▸ **Data below**
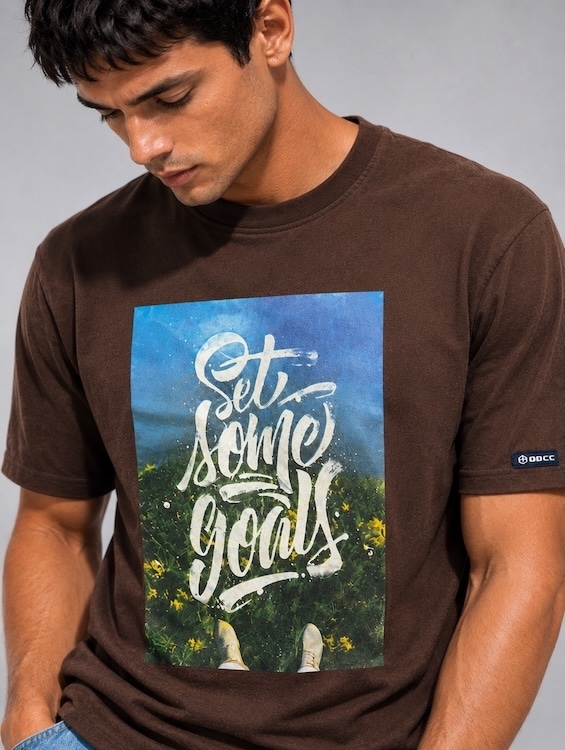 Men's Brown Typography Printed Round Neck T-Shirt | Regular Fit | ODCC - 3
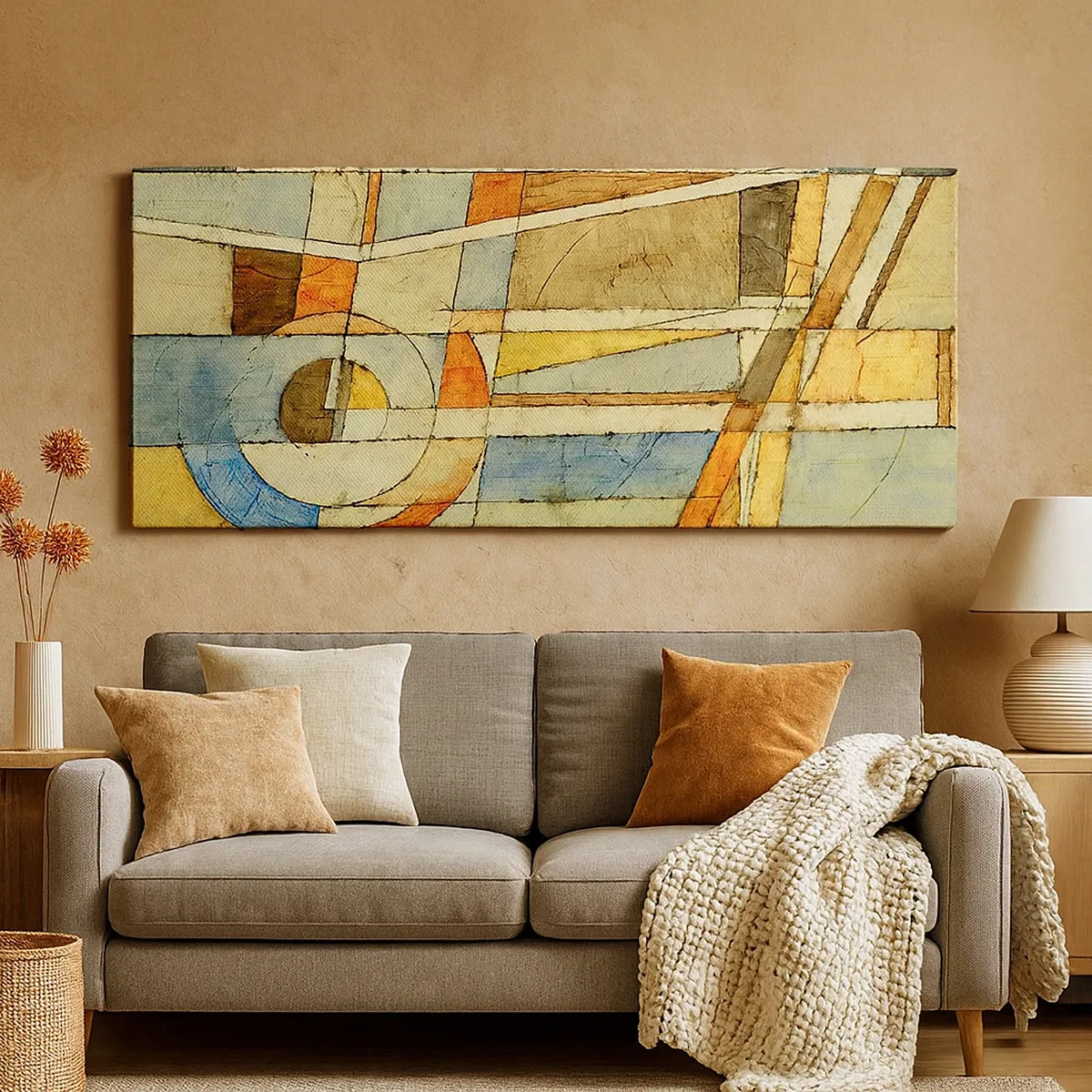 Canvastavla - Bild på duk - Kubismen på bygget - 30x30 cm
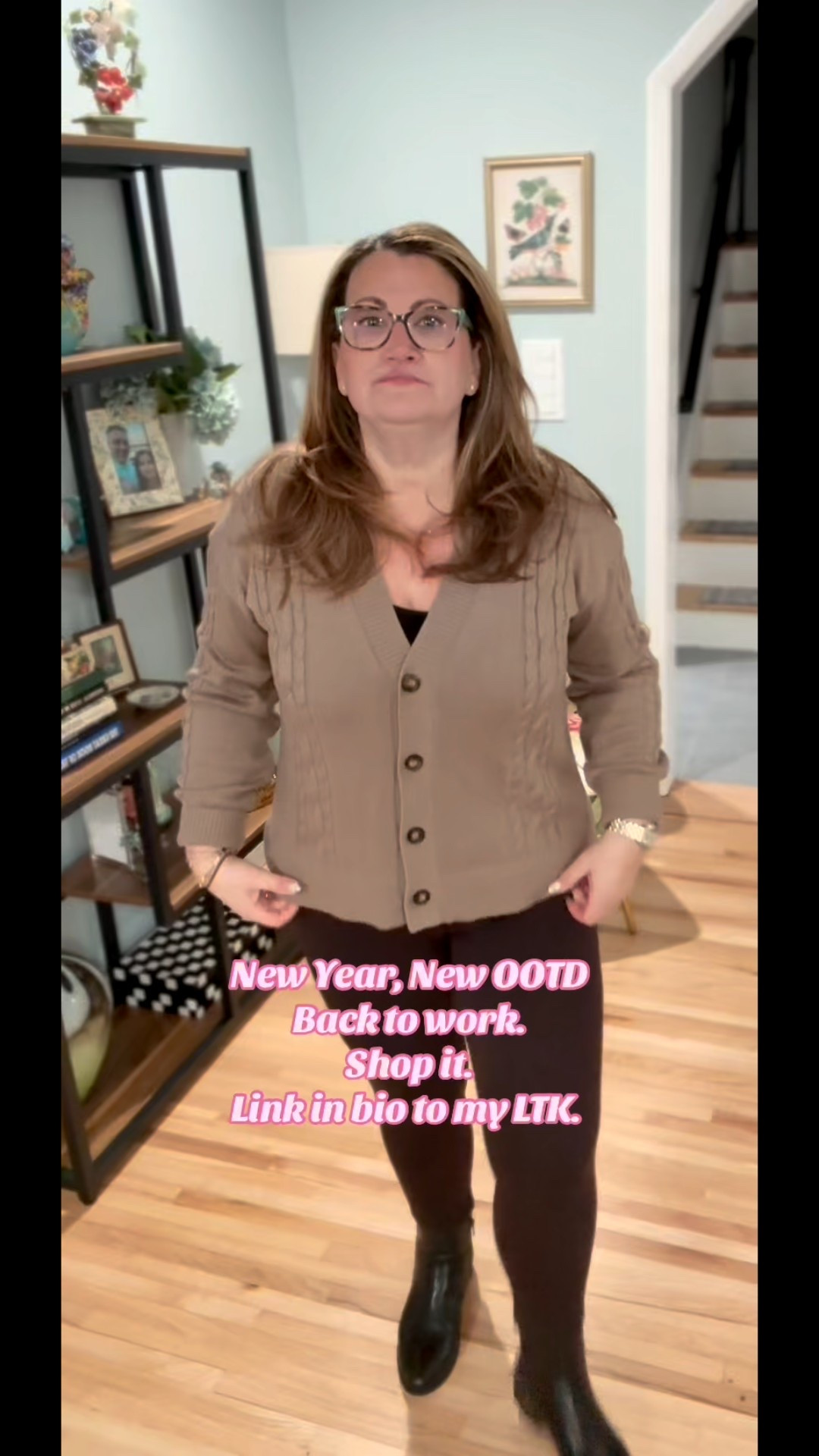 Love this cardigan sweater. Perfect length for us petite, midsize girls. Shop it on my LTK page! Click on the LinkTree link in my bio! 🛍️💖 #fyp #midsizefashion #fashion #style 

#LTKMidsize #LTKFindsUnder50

▸ **What you have to do**
Each line above should be returned exactly as written, apart from any pictures.

▸ **Result**
 Men's Brown Typography Printed Round Neck T-Shirt | Regular Fit | ODCC - 3
 Canvastavla - Bild på duk - Kubismen på bygget - 30x30 cm
 Love this cardigan sweater. Perfect length for us petite, midsize girls. Shop it on my LTK page! Click on the LinkTree link in my bio! 🛍️💖 #fyp #midsizefashion #fashion #style 

#LTKMidsize #LTKFindsUnder50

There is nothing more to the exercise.